Regulator lifts SME banking controls

23-08-2007

Regulator lifts SME banking controls
The Competition Commission has announced its provisional decision to lift temporary price controls imposed on the UK's four largest banks in regard to services provided to small businesses.

Barclays, HSBC, Lloyds TSB and the Royal Bank of Scotland group have been subject to the price controls since 2003, when they were introduced by the watchdog following an investigation it carried out into banking services for small and medium-sized enterprises (SMEs).

Under the controls the four banks were required to offer small firms a business account that offered interest charges of at least 2.5 percentage points below the country's base rate, or alternatively free money transmission services.

The Competition Commission had ruled that the controls were temporarily necessary in order to boost competition in the small business banking sector, with a total of nine banks also agreeing to "behavioural undertakings" to improve services in the long-term.

Pledges made by the banking industry were aimed at making prices more transparent and preventing banks from making the supply of small business services conditional on the purchasing of other facilities, such as loans and personal current accounts. They were also designed to make it easier for small business owners to switch banks if they were dissatisfied with the service they received.

But in a statement today the Competition Commission ruled that the temporary price controls, imposed on the country's biggest banks, were "no longer appropriate" given that other financial institutions were now competing for small business custom more strongly.

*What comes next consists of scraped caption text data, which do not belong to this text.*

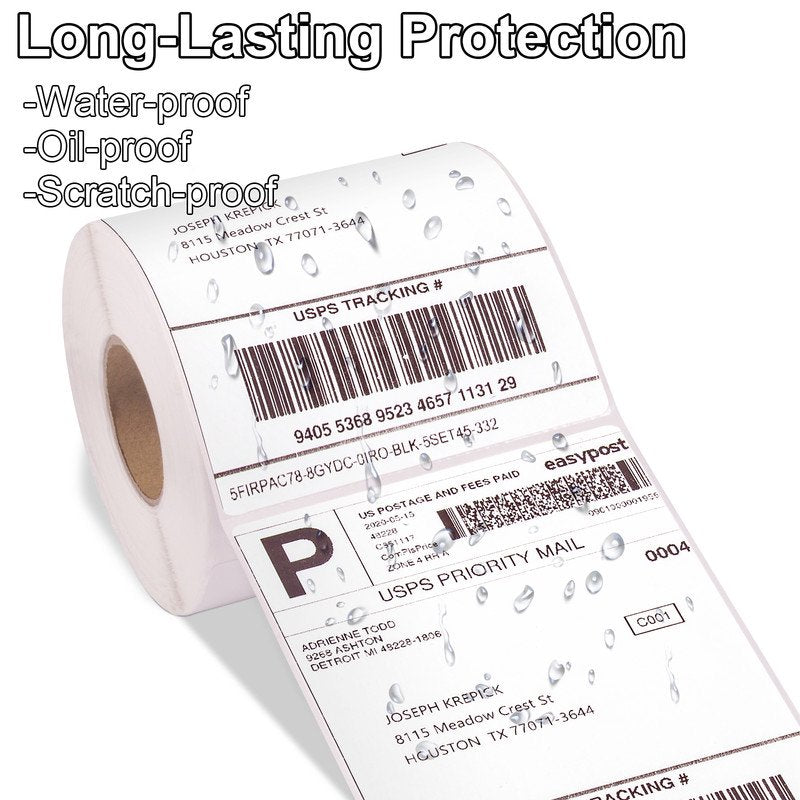 Thermal Shipping Labels 4x6 Inch Pack of 700 - Waterproof Barcode Labels for Shipping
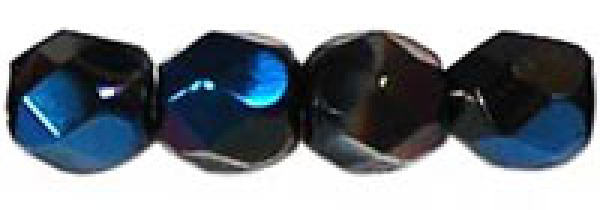 Glasschliffperle 3mm Jet Azuro 100 St.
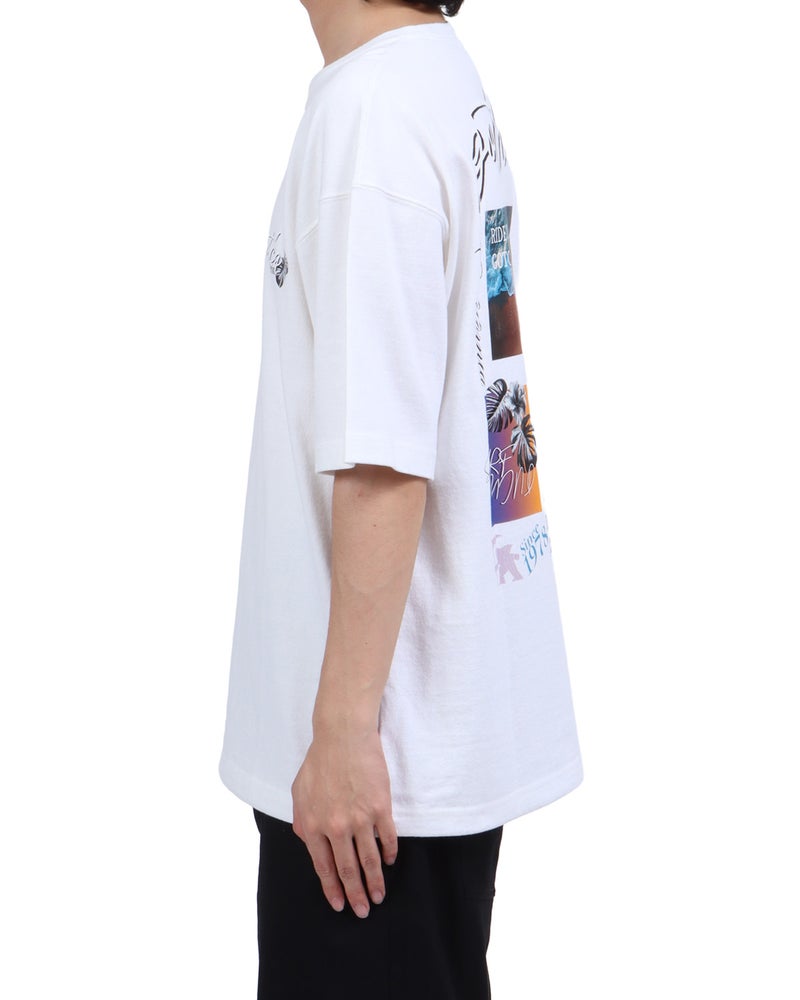 ホワイト：173cm63kg(Lサイズ着用)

Commenting on the decision to remove the controls after four years, deputy chairman of the commission, Christopher Clarke, explained: "During this period, other significant banks, such as HBOS, Abbey, and Alliance & Leicester, have competed more strongly for SME customers and improved their market position."

He added: "SMEs have raised their expectations of what banks should provide and are more likely to consider switching if they do not get what they want."

However with the UK's four major banks still accounting for around 85 per cent of the market for small business services, the regulator has ordered that they should still be required to publicize any changes to their charges.

The Office of Fair Trading (OFT) has also been charged with monitoring their behaviour.